● **What you will do**: For the data below, transcribe the part that opens with the line containing "Button Detail Short Faux Leather Jacket" and closes with the line containing "Vintage Vibes and", exactly and with no pictures.

● **The data**:
# # # #

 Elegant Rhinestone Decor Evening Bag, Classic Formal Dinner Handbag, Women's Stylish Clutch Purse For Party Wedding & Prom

# # # #

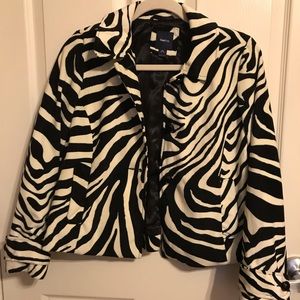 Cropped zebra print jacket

# # # #

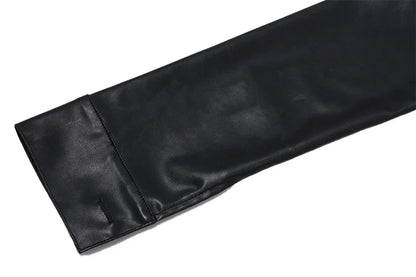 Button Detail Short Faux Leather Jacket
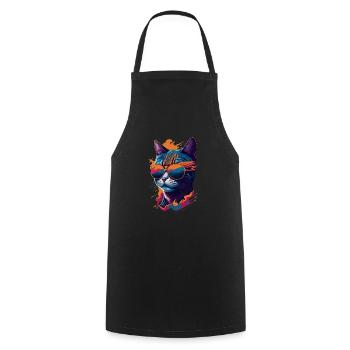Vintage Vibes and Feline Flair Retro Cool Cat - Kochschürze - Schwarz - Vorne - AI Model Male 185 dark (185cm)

# # # #

● **Solution for this exercise**:
 Button Detail Short Faux Leather Jacket
Vintage Vibes and Feline Flair Retro Cool Cat - Kochschürze - Schwarz - Vorne - AI Model Male 185 dark (185cm)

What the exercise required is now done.